The Assessment Problem
Across the UK higher education sector, immersive design programmes — spanning XR, virtual production, interactive environments, and spatial computing — are assessed primarily through documentation: reflective journals, written rationales, and annotated portfolios. The practical work is submitted, but it is the text that is marked. This inversion has consequences.
Students learn to write about making rather than making well. Assessment criteria reward articulacy over execution. In a sector where a studio will evaluate a candidate's reel within sixty seconds, the skills being formally assessed often bear little relationship to the skills being professionally valued.
This is not an argument against critical reflection. Documentation and contextual awareness matter. The problem is proportionality: when a 3,000-word rationale carries more weight than the interactive work it describes, the curriculum is signalling the wrong priorities.
What Practice-Led Assessment Looks Like in Practice
Over five years of curriculum development at undergraduate and postgraduate level, several structural changes have produced measurable improvements in both student outcomes and external examiner confidence.
The first is the separation of process documentation from summative assessment. Students maintain process logs — timestamped, iterative records of decision-making — that inform formative feedback but do not contribute directly to the final grade. The final submission is the artefact plus a structured oral defence. The written element, where retained, is capped at a word count that prevents it from dominating the mark.
The second is the introduction of peer review panels for final-year projects. A three-person panel — one academic, one practitioner, one student peer — assesses each submission against a shared rubric. This replicates the conditions of professional critique and produces more consistent, defensible outcomes than single-marker assessment.
The third is integration of live briefs from external partners. When the brief is real and the client provides feedback, assessment criteria align automatically with professional expectations. Students are not writing towards a theoretical standard; they are responding to an actual one.
Standardisation as Infrastructure
The wider problem is the absence of shared standards across the sector. Every institution running an immersive design programme has developed its own assessment model, often independently and without systematic peer review. The result is a patchwork: students graduating with the same qualification title but radically different preparation, and employers unable to use the degree as a reliable signal of competence.

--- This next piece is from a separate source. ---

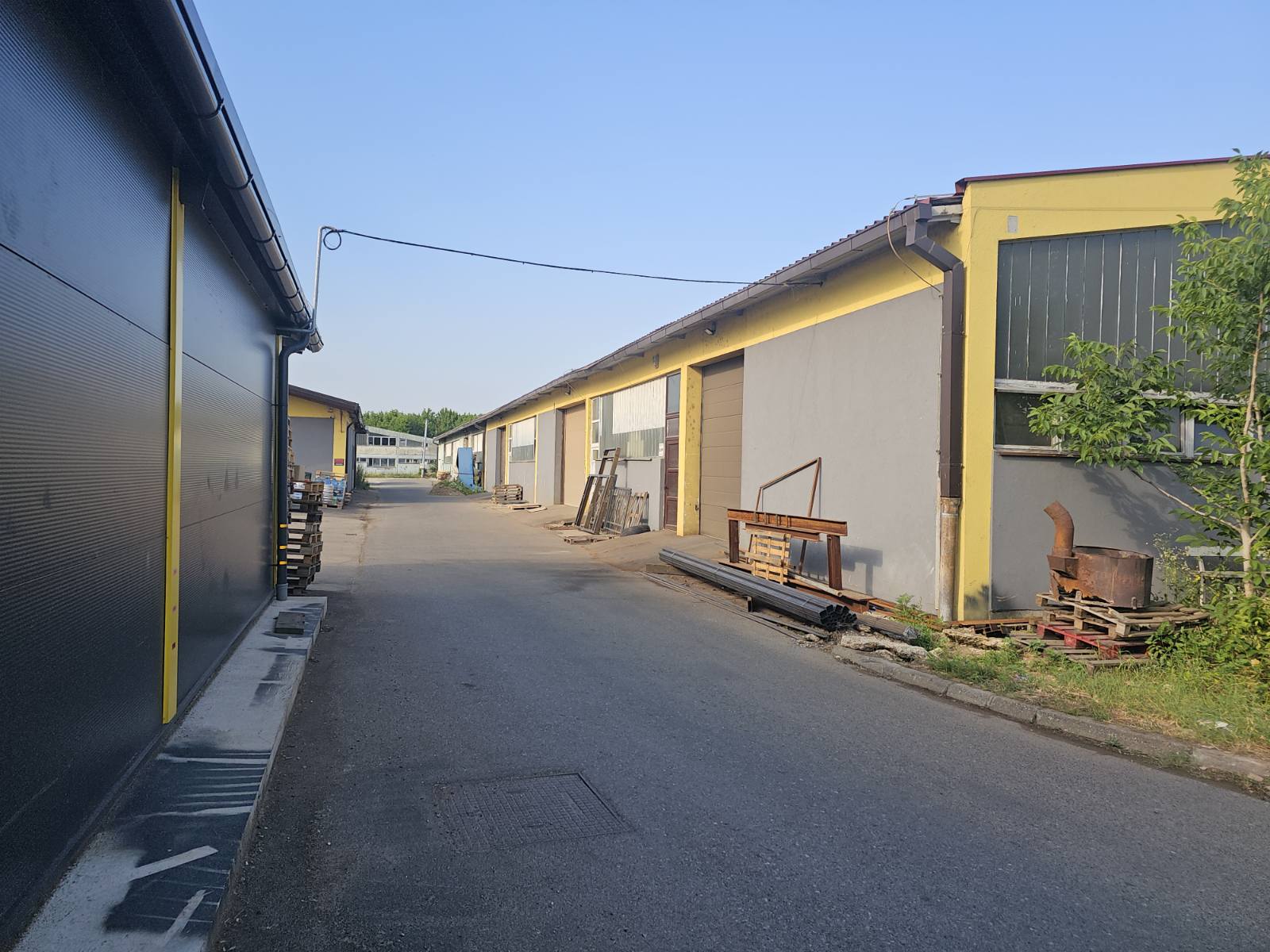 OGLAS: Izdaju se dvije hale površine 411 m² i 346 m² u ulici Nikole Tesle 23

What the sector requires is not a single prescribed curriculum, but a shared framework for assessing practice — one that defines minimum evidential standards, provides rubrics adaptable to institutional context, and is subject to regular review by a cross-sector body with academic and industry representation.
Conclusion
Practice-led pedagogy is not an alternative to rigour — it is a different form of it. The challenge for institutions is to build assessment infrastructure that reflects this, rather than continuing to apply written-work frameworks to disciplines where the work itself is the primary text.